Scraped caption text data

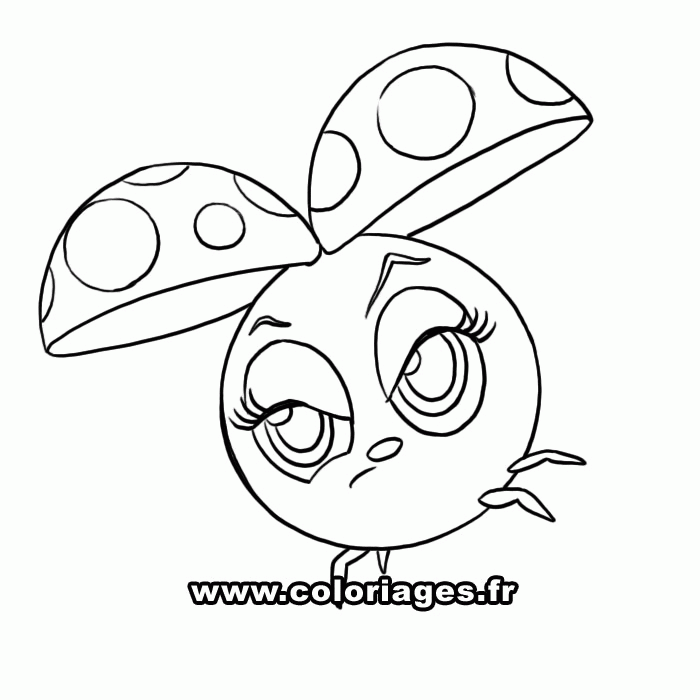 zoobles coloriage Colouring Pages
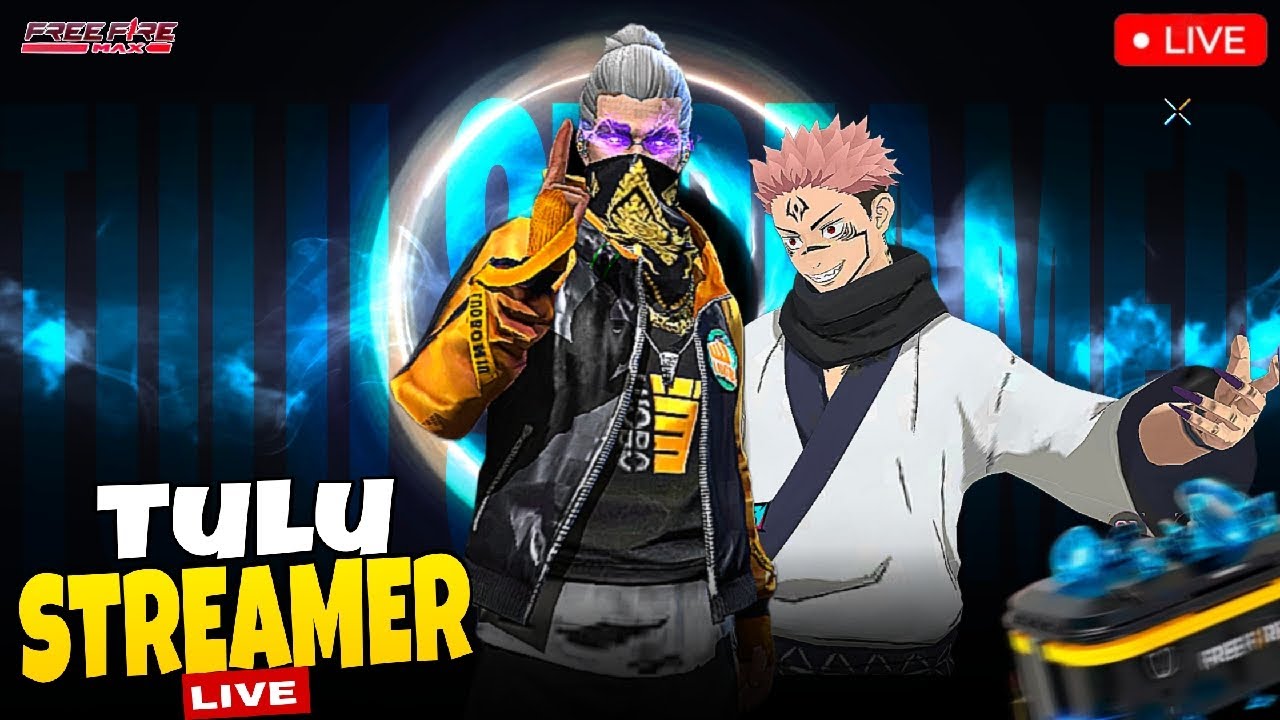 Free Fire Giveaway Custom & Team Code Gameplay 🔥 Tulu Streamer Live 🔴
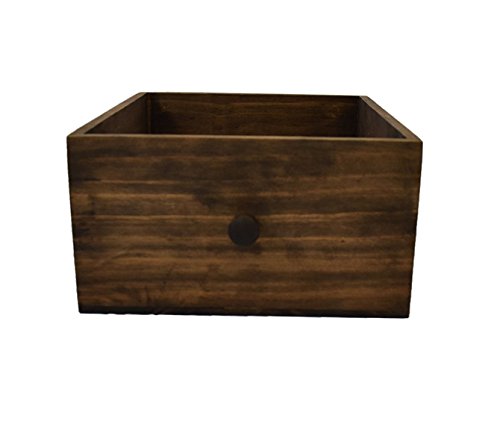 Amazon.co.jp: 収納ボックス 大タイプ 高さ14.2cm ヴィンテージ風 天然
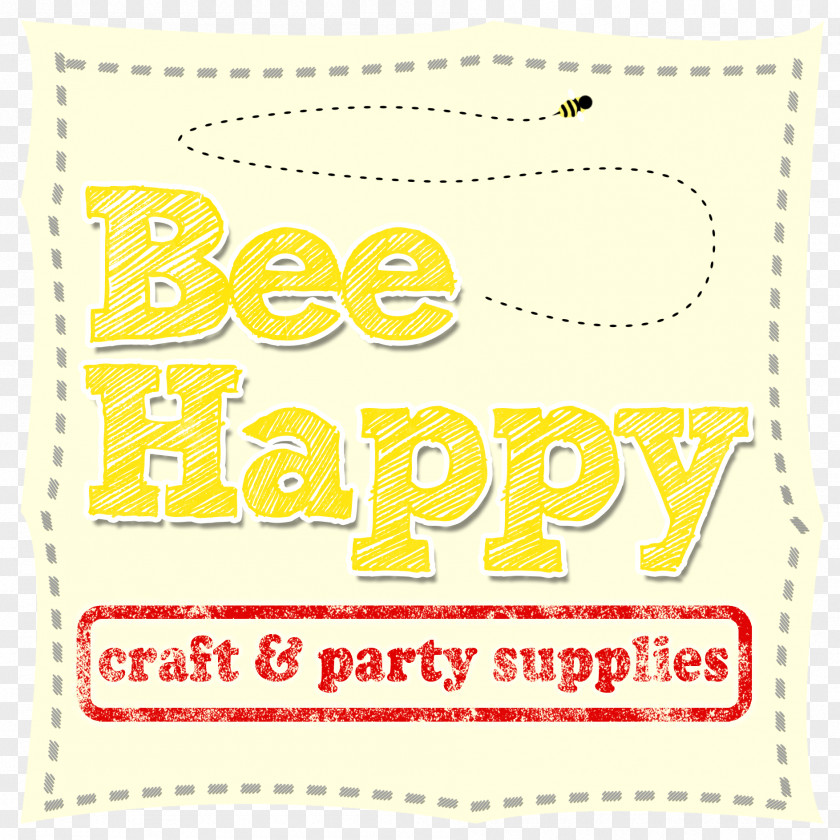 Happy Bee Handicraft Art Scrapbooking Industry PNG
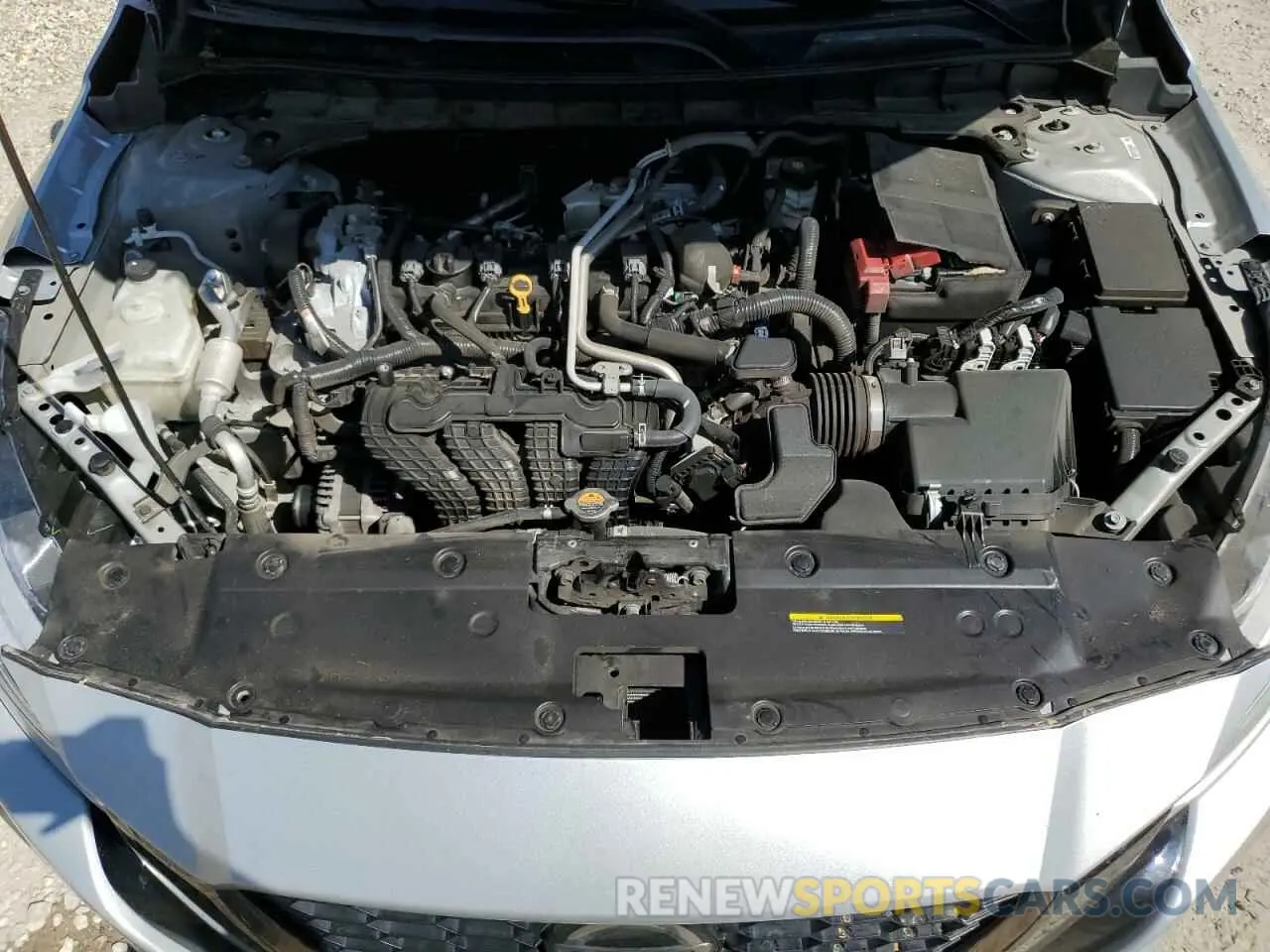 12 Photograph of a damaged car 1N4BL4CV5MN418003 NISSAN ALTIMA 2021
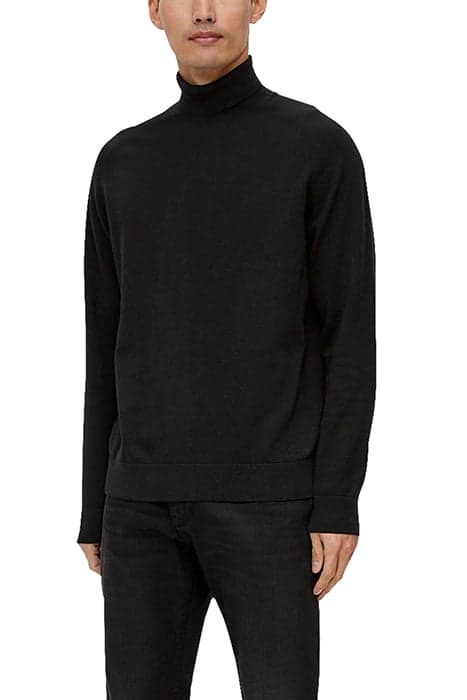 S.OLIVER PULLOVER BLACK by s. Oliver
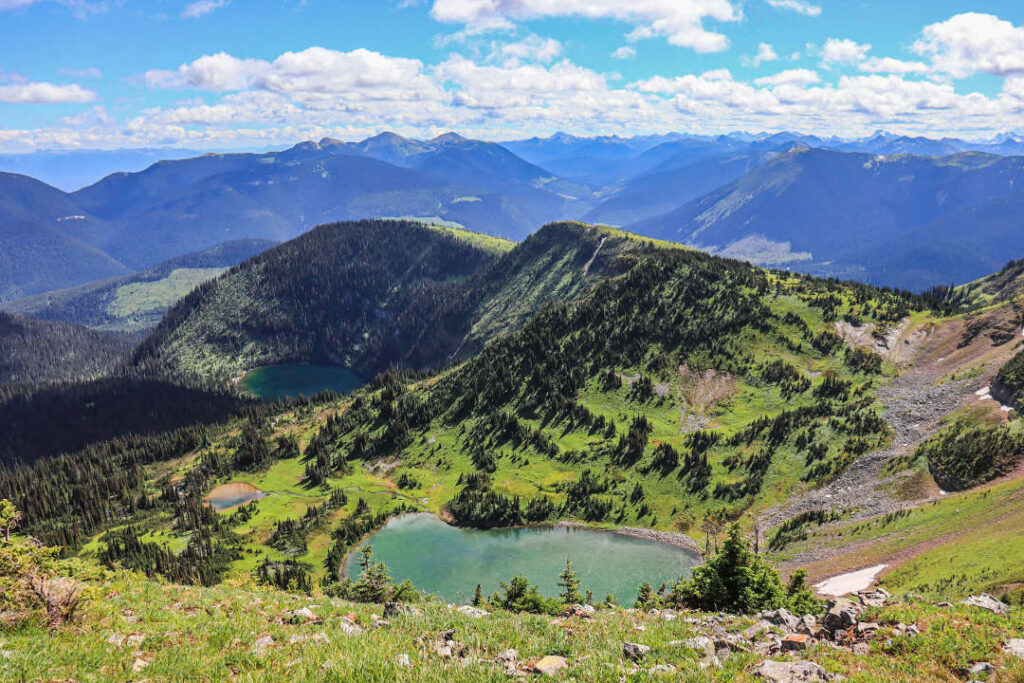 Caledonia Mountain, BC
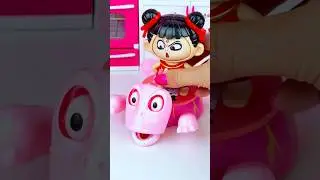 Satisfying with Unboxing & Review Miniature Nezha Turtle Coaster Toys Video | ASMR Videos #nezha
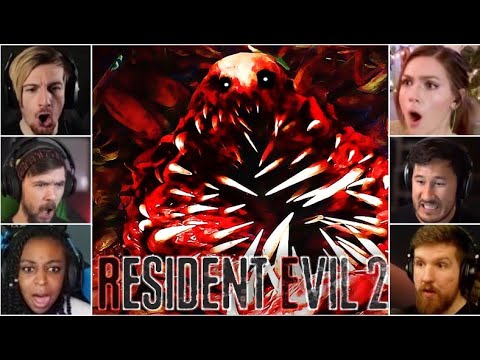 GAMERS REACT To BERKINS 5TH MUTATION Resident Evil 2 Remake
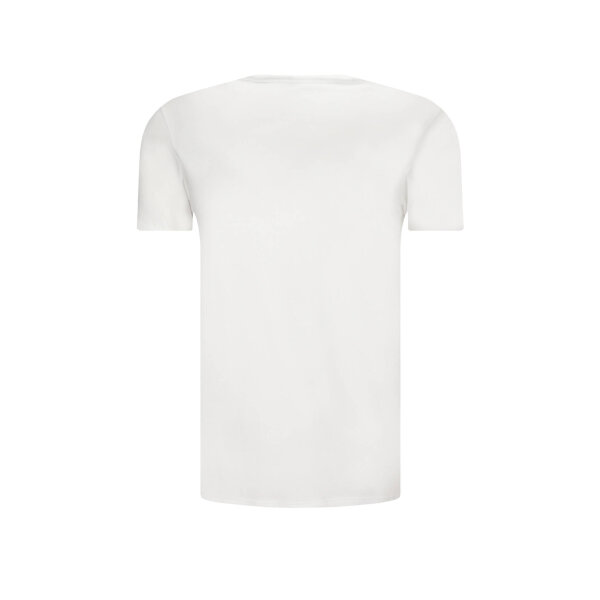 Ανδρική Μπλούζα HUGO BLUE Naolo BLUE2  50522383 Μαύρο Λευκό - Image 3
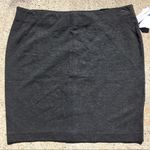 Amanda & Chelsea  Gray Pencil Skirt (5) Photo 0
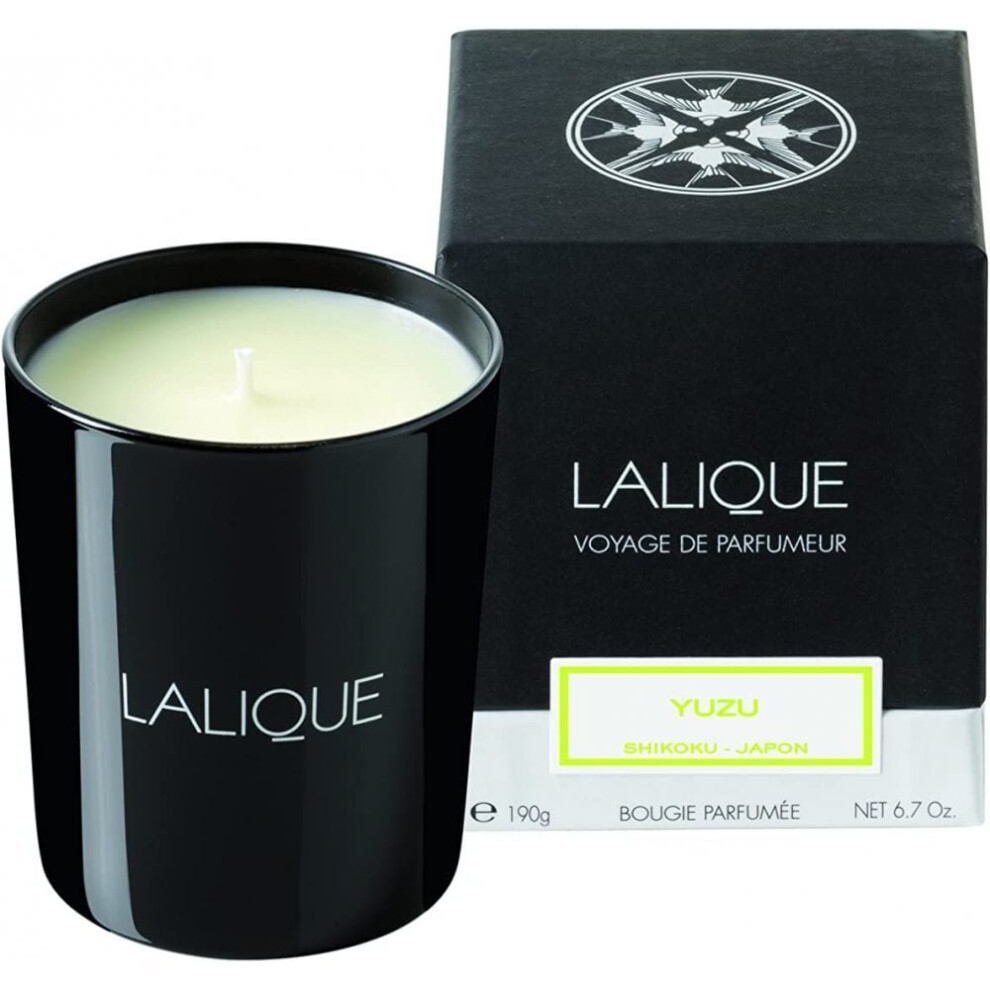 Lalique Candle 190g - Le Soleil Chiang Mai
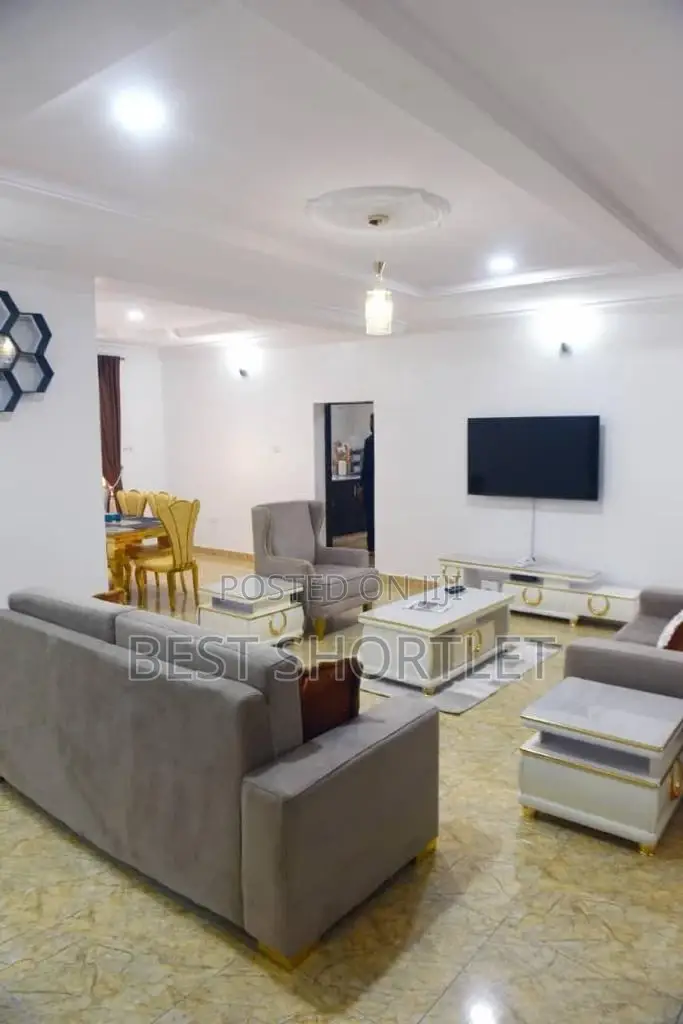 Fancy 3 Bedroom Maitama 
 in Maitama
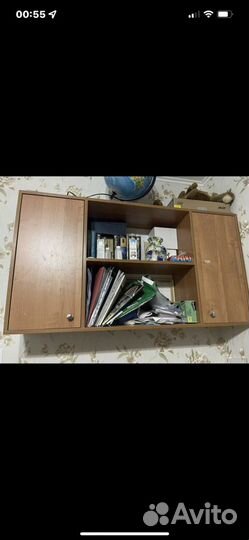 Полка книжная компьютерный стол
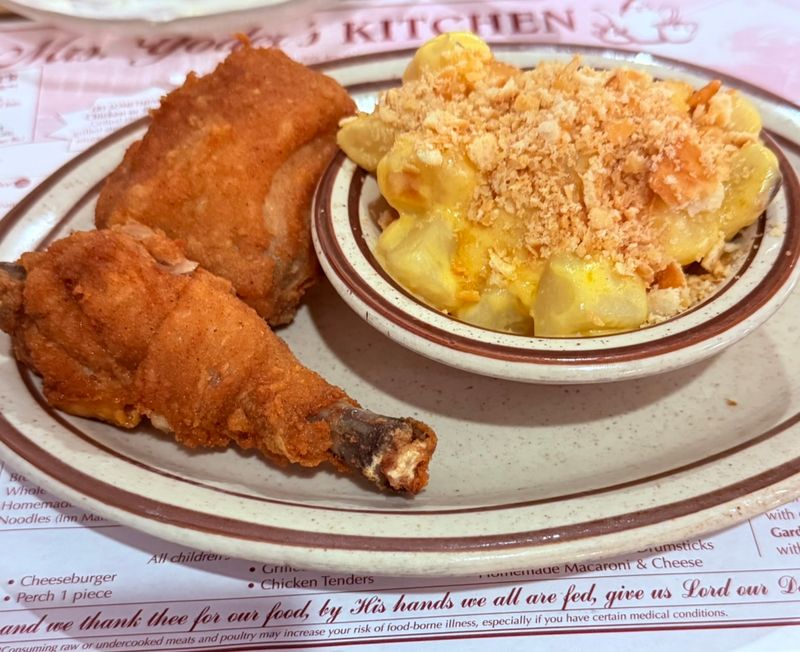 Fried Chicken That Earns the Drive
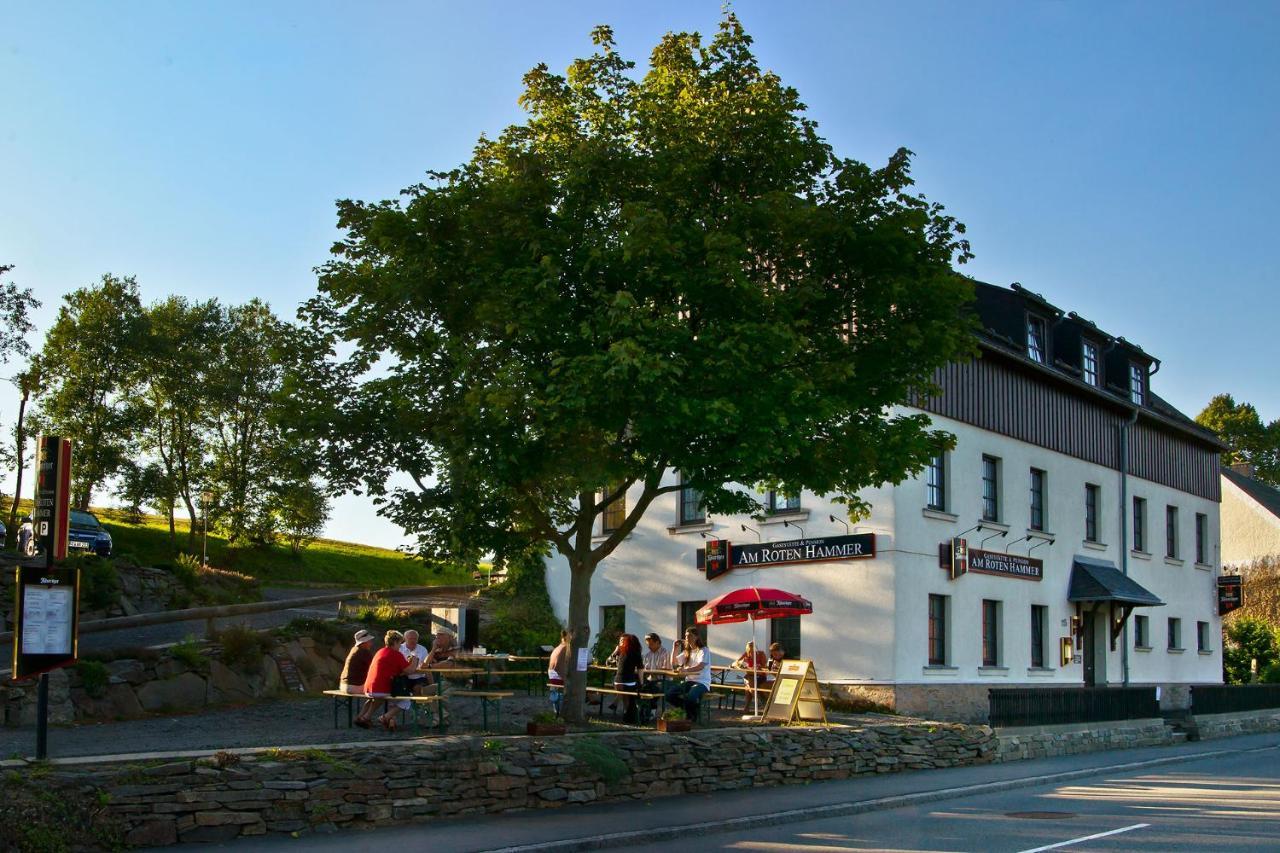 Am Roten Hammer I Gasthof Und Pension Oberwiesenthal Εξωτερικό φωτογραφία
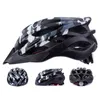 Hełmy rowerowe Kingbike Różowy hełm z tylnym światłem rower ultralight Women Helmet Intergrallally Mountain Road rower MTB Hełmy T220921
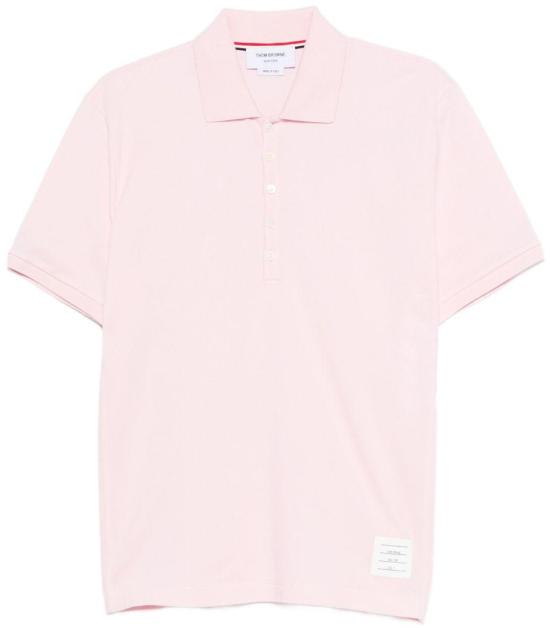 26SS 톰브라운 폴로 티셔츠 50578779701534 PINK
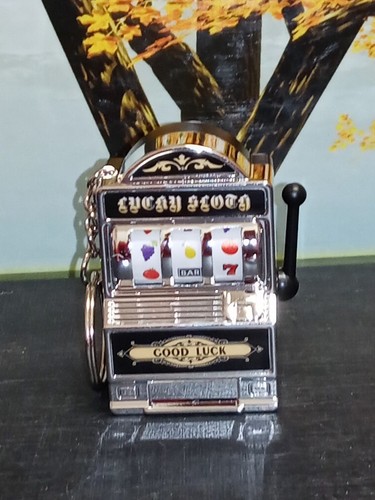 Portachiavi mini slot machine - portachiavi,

- _Exercise brief_: Every entry above should be printed again exactly, except for the pictures.

- _Answer_:
 zoobles coloriage Colouring Pages
 Free Fire Giveaway Custom & Team Code Gameplay 🔥 Tulu Streamer Live 🔴
 Amazon.co.jp: 収納ボックス 大タイプ 高さ14.2cm ヴィンテージ風 天然
 Happy Bee Handicraft Art Scrapbooking Industry PNG
 12 Photograph of a damaged car 1N4BL4CV5MN418003 NISSAN ALTIMA 2021
 S.OLIVER PULLOVER BLACK by s. Oliver
 Caledonia Mountain, BC
 Satisfying with Unboxing & Review Miniature Nezha Turtle Coaster Toys Video | ASMR Videos #nezha
 GAMERS REACT To BERKINS 5TH MUTATION Resident Evil 2 Remake
 Ανδρική Μπλούζα HUGO BLUE Naolo BLUE2  50522383 Μαύρο Λευκό - Image 3
 Amanda & Chelsea  Gray Pencil Skirt (5) Photo 0
 Lalique Candle 190g - Le Soleil Chiang Mai
 Fancy 3 Bedroom Maitama 
 in Maitama
 Полка книжная компьютерный стол
 Fried Chicken That Earns the Drive
 Am Roten Hammer I Gasthof Und Pension Oberwiesenthal Εξωτερικό φωτογραφία
 Hełmy rowerowe Kingbike Różowy hełm z tylnym światłem rower ultralight Women Helmet Intergrallally Mountain Road rower MTB Hełmy T220921
 26SS 톰브라운 폴로 티셔츠 50578779701534 PINK
 Portachiavi mini slot machine - portachiavi,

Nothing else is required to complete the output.